[Records from a dataset]

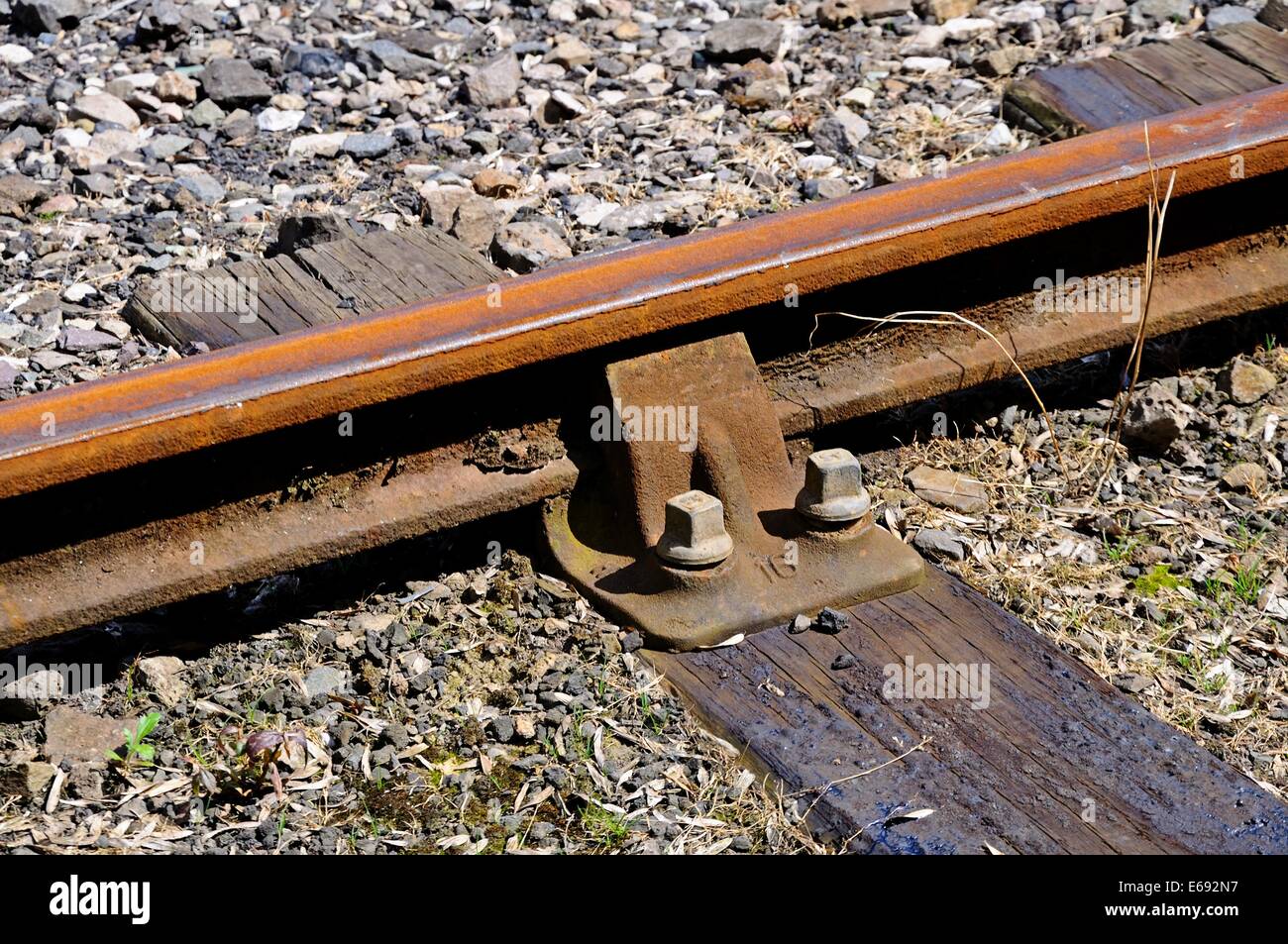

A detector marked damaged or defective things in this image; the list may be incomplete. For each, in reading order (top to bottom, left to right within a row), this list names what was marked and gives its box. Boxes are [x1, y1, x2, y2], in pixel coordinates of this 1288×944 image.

rusty steel rail [0, 85, 1276, 501]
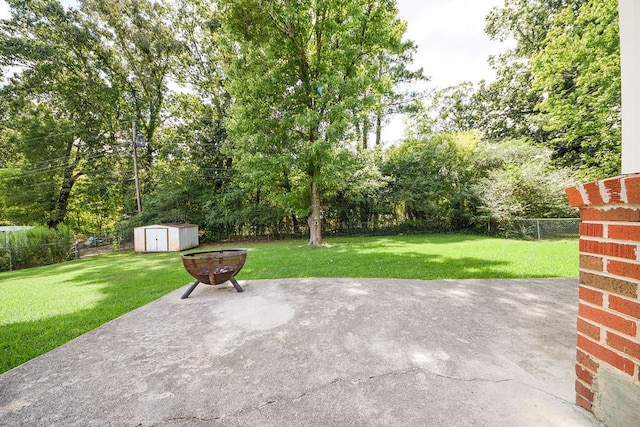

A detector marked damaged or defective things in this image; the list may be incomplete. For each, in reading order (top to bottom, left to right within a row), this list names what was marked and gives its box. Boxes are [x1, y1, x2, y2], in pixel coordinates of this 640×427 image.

cracked concrete surface [0, 280, 600, 426]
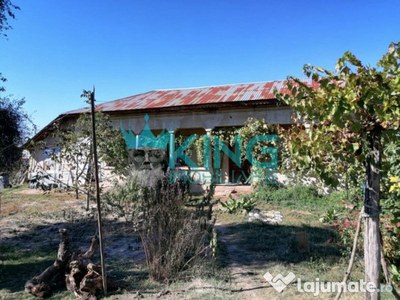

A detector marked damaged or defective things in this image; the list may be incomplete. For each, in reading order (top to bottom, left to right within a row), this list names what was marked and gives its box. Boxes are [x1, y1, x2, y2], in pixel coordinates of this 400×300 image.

rusty roof [65, 79, 316, 115]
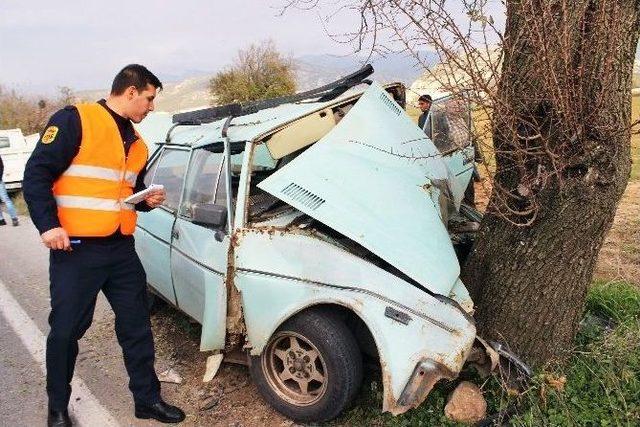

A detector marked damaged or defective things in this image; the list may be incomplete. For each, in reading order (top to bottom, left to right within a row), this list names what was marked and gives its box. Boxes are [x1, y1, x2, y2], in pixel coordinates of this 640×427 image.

wrecked car [138, 65, 482, 422]
crumpled hood [258, 82, 462, 296]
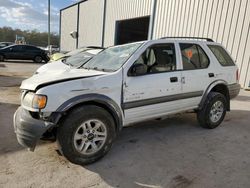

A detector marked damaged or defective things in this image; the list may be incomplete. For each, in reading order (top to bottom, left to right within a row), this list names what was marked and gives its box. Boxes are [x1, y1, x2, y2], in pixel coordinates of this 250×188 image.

damaged front bumper [13, 106, 54, 151]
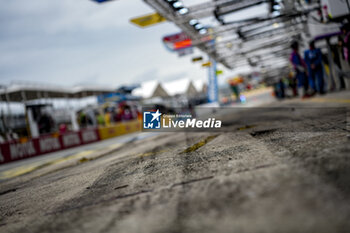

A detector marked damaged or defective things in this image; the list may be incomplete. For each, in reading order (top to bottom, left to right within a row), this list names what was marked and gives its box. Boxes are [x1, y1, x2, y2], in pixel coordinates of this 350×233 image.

cracked concrete ground [0, 91, 350, 233]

= ASSIGNED TASK =
Lines from the one with "this 250×188 image." through the final line of the records are the whole answer; print them exactly, minus any pictures.

= REPLY TO THE TASK =
A detector marked damaged or defective things in this image; the list may be incomplete. For each, in reading order (top to bottom, left to right within a row), this list names what was marked and gives its box. Boxes are [x1, y1, x2, y2], in pixel coordinates of this 250×188 image.

damaged front bumper [13, 106, 54, 151]

A detector marked damaged or defective things in this image; the list may be incomplete. For each, in reading order (top to bottom, left to right within a row), this list names what was marked and gives its box. Boxes are [x1, y1, x2, y2], in pixel coordinates of this 350×233 image.

cracked concrete ground [0, 91, 350, 233]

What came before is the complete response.